Yes, we're a startup. With cunoFS, we've made it possible to leverage the lower cost and higher throughput of object storage like S3, and make it work transparently with functions like e.g. mmap(), chmod(), execve(), renameat2().
> (...) leverage the lower cost and higher throughput of object storage like S3 (...)
What do you mean by "lower cost (...) of object storage like S3"? Isn't S3 terribly expensive? I recall S3 costs around 10$/month per TB you park there without doing anything to it, and AWS charges basically for everything you do to those objects over a network.
Not to mention that apparently we're supposed to compare that to storing on your local harddisk. Isn't local storage always far higher throughput than accessing something across the internet? Being able to store and access stuff on the internet as if it's local is a great idea, but the way they sell it is unconvincing and sounds like they don't really understand what they're talking about.

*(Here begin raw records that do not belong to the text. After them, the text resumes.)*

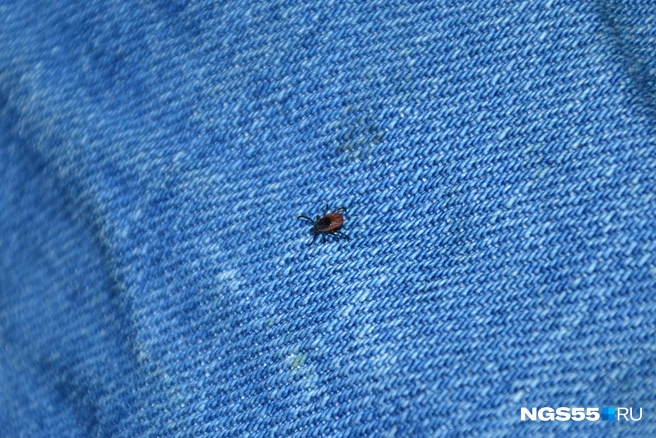 Клещи переносят опасные инфекции | Источник: Антон Малахевич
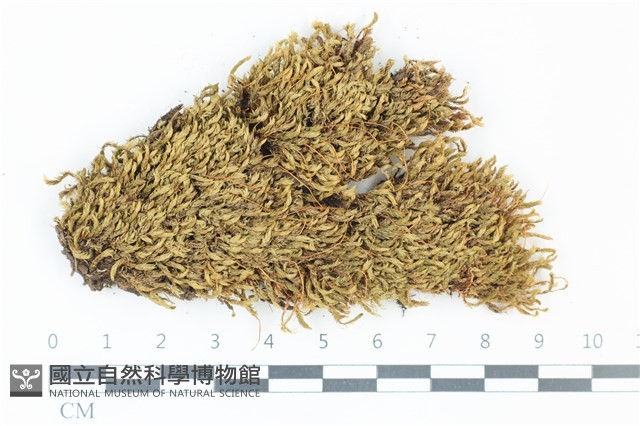 登錄號:B00000878藏品圖，第1張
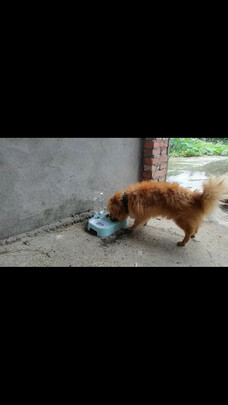 猫碗狗碗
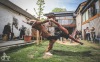 Kulturu nezastavíš! Cirk La Putyka vystoupil v Táboře, Budějovicích a Komařicích 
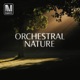 Orchestral Nature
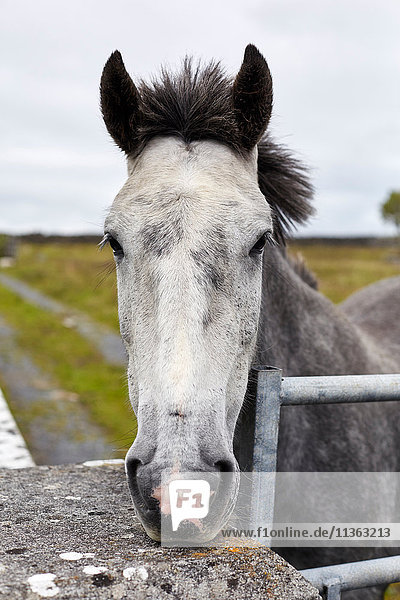 Porträt eines Pferdes  Nahaufnahme  Inishmore  Irland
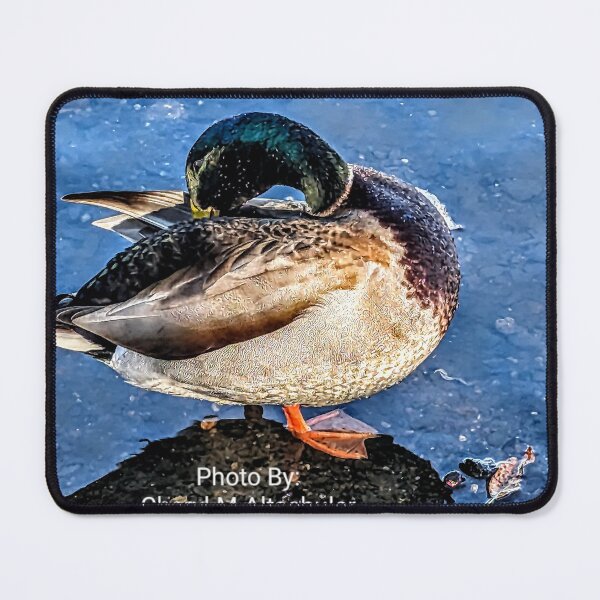 Item preview, Duck  designed and sold by Cheryl Altschuler.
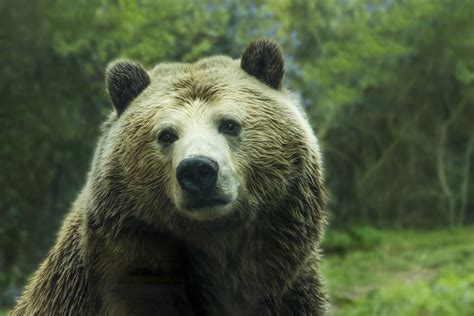grizzly bear   wild image  stock photo public domain photo cc images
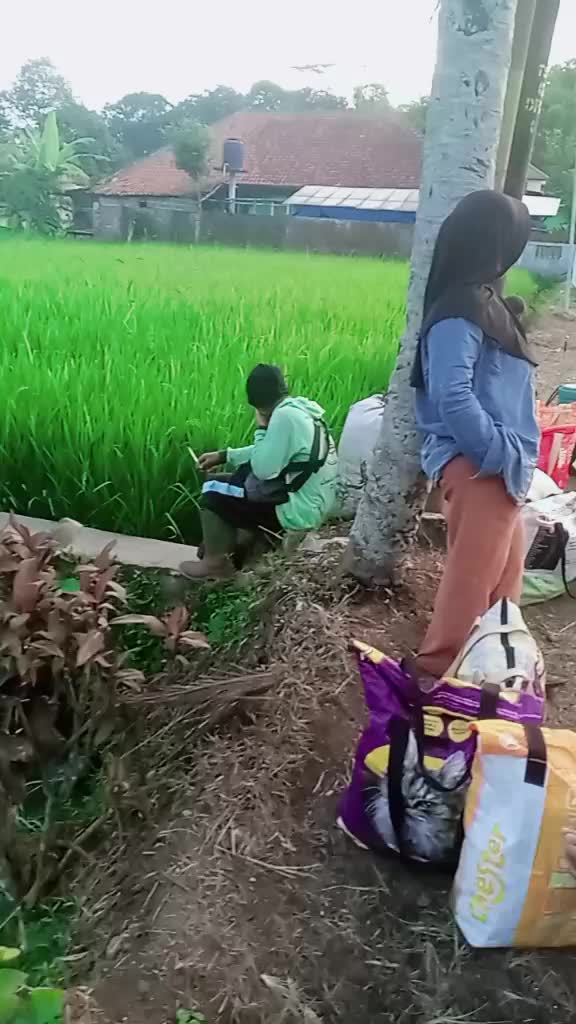 @amih arsyilaa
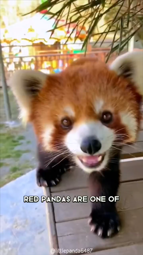 thumbnail of 7183322157374639366 Red Panda 🐼 #redpanda #redpandas #redpandacub #redpandafam #redpandasoftiktok .mp4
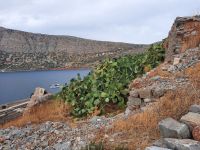 Insel Spinalonga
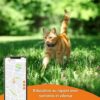 Traceur GPS pour Chat - Weenect XS (Black Edition 2023) – Image 3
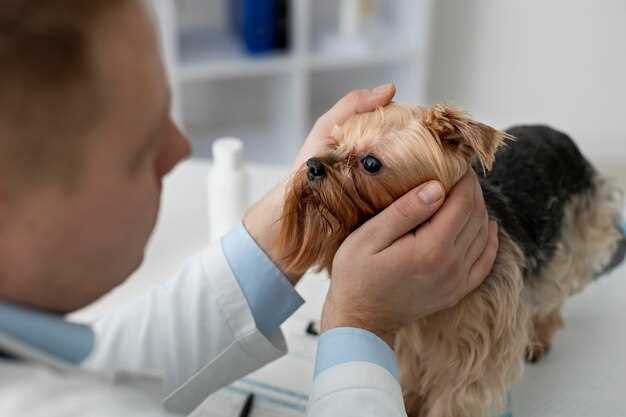 Симптомы и причины катаракты у собаки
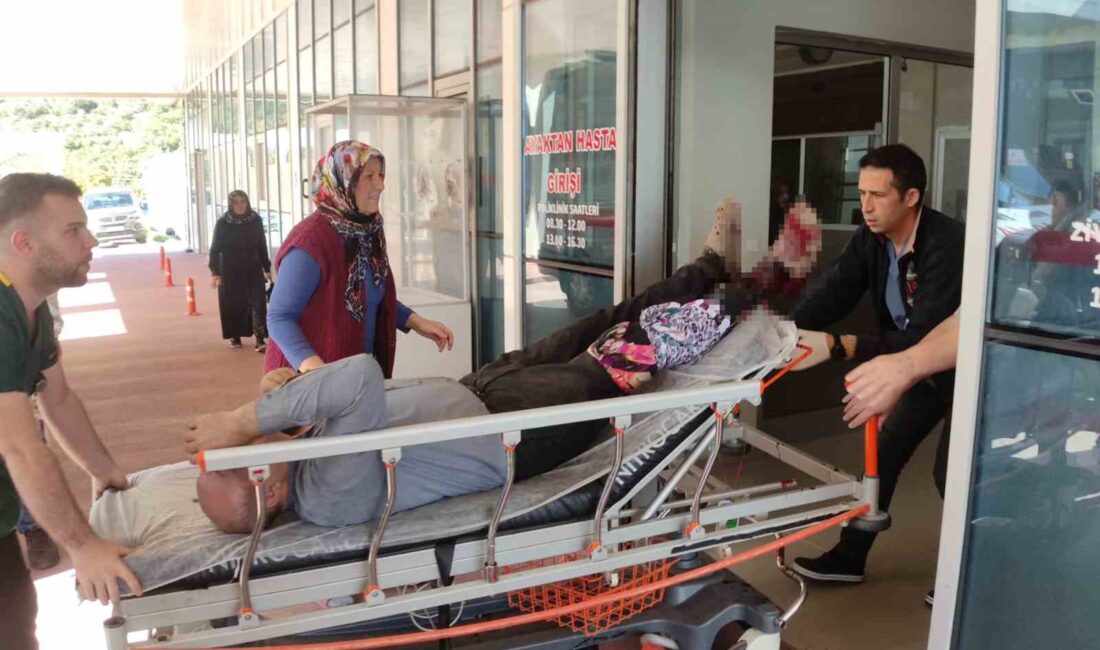 BURSA’NIN ORHANGAZİ İLÇESİNDE EVİNİN BAHÇESİNDE MOTORLU TESTERE İLE ODUN KESMEYE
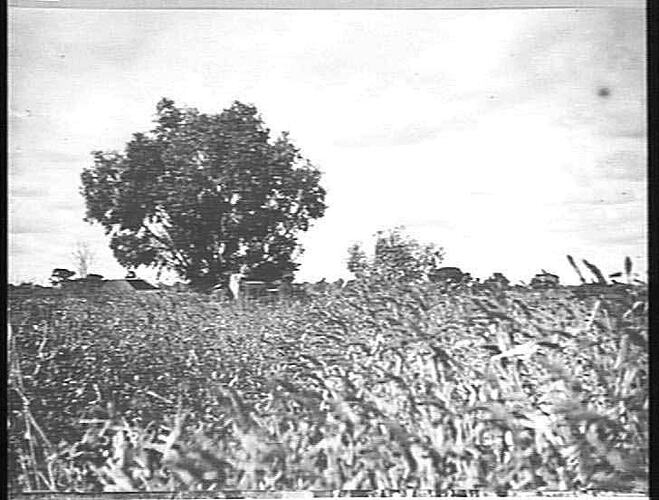 PHOTO TAKEN THOMPSON BROS' FARM, KERANG: 8 FT. HEADER IN MILLET: MARCH 1924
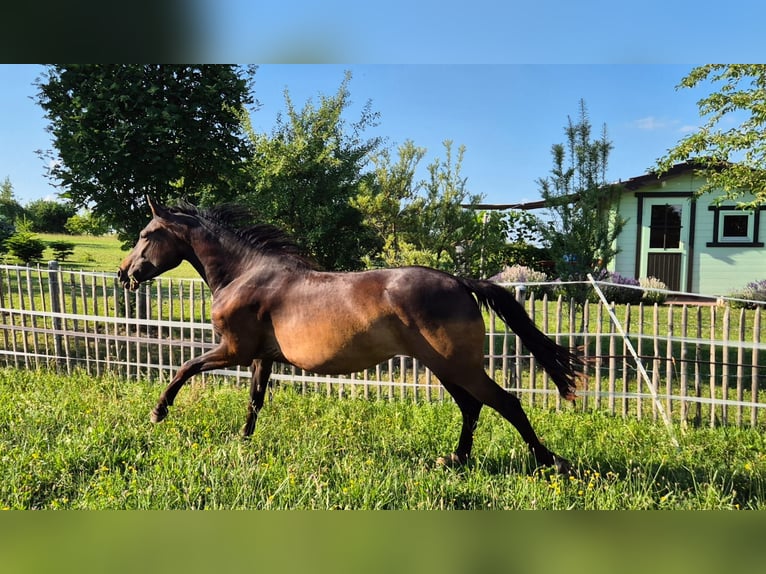 Kleines Deutsches Reitpferd Stute 2 Jahre 150 cm Brauner in Gerstetten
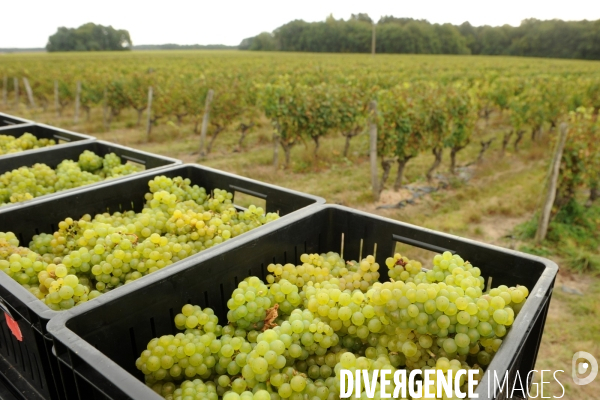 Vendanges, récolte du raisin, cépage chardonnay, dans un vignoble du Loir et Cher, appelation Cheverny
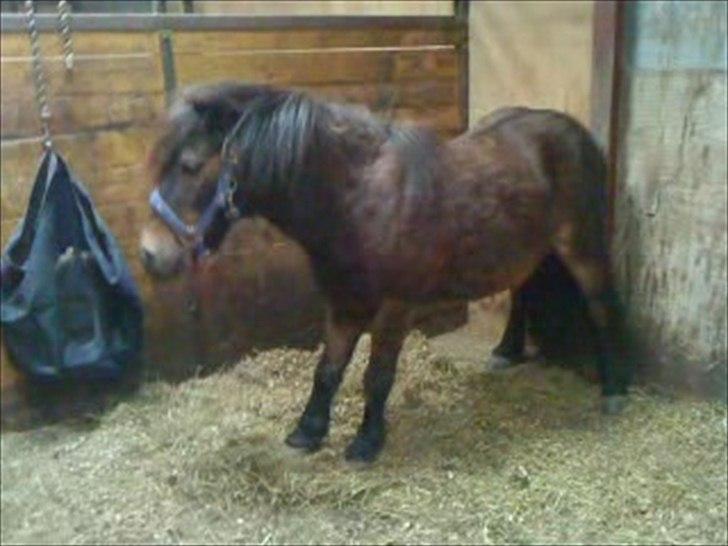 Sjove billeder - Klør røv
Hugo billede 2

Hi author here, sorry I missed this post. The performance benchmarks and cost comparisons are for comparing S3 vs EBS (ext4 formatted), EFS, FSx Lustre and others within the same datacenter (i.e. LAN use case rather than WAN use case). That means if you have an EC2 instance running in, say AWS Ohio, and are comparing those storage options also within AWS Ohio, then cunoFS is both cheaper and higher throughput than those other options. It's a different story over WAN. In that case, your own local NVMe storage is going to be cheaper and generally faster that remote storage over a WAN. But that local NVMe storage (on say your solo laptop) isn't going to have anywhere near the Enterprise-grade redundancy, availability and scalability that AWS S3/Azure Blob/Storj/Wasabi/etc has.